[Interest] TLS/SSL XML encryption security

Henry Skoglund henry at tungware.se
Mon Oct 7 16:51:22 CEST 2019

Yes, I also know about the lizardmen from Phobos who can crack SSL/TLS 
keys instantly.
If you can show some code all this would be much more credible. After 
all, this is a Qt mailing list, not a science fiction one.

Rgrds Henry

On 2019-10-07 16:06, Roland Hughes wrote:
> On 10/7/19 5:00 AM, Thiago Macieira wrote:
>> You do realise that's not how modern encryption works, right? You do 
>> realise
>> that SSL/TLS rekeys periodically to avoid even a compromised key from 
>> going
>> further? That's what the "data limit for all ciphersuits" means: 
>> rekey after a
>> while.
> yeah.
>> You're apparently willfully ignoring the fact that the same cleartext 
>> will not
>> result in the same ciphertext when repeated in the transmission, even 
>> between
>> two rekey events.
> No. We are working from two completely different premises. It appears 
> to me your premise is they have to be able to decrypt 100% of the 
> packets 100% of the time. That's not the premise here.
> The premise here is they don't need it all to work today. They just 
> need to know that a Merchant account service receives XML/JSON and 
> responds in kind. The transaction is the same for a phone app, Web 
> site, even when you are standing at that mom & pop retailer physically 
> using your card.
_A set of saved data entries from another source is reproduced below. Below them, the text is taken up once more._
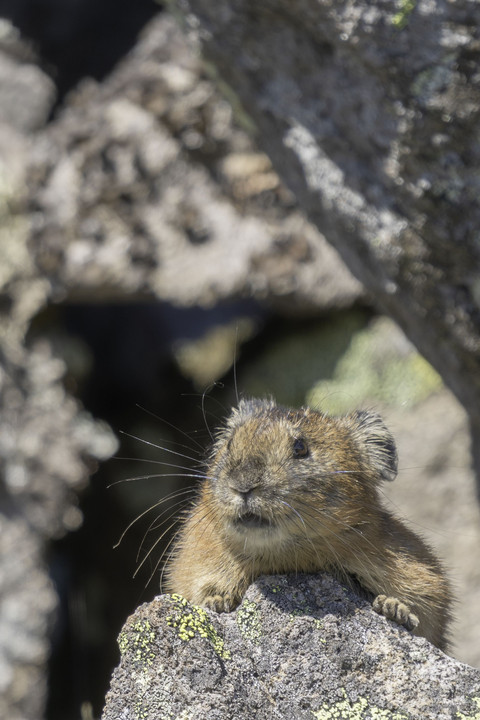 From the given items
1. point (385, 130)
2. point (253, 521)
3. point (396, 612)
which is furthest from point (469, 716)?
point (385, 130)

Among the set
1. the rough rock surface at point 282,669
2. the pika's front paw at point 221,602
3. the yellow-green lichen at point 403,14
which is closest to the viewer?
the rough rock surface at point 282,669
They (whoever they are) sniff packets to/from the IP 
> addresses of the service logging them to disk drives.
> The dispatch service hands 100-1000 key combinations out at a time to 
> worker computers generating fingerprints for the database. These 
> computers could be a botnet, leased from a hosting service or machines 
> they own. The receiver service stores the key results in the database.
> A credit card processing service of sufficient size will go through a 
> massive number of salts and keys, especially with the approaching 
> Holiday shopping season. 1280 bytes "should" be more than enough to 
> contain a credit card authorization request so this scenario is only 
> interested in fast cracking a single packet. Yes, the CC number and 
> some other information may well have additional obfuscation but that 
> will also be a mechanical process.
> Periodically a batch job wakes up and runs the sniffed packets against 
> the database looking for matching fingerprints. When it fast cracks 
> one it moves it to a different drive/raid array, storage area for the 
> next step. This process goes in steps until they have full CC 
> information with a transaction approval, weeding out the declined cards.
> When the sniffed packet storage falls below some threshold the sniffer 
> portion is reactivated to retrieve more packets.
> This entire time workers are adding more and more entries to the 
> fingerprint database.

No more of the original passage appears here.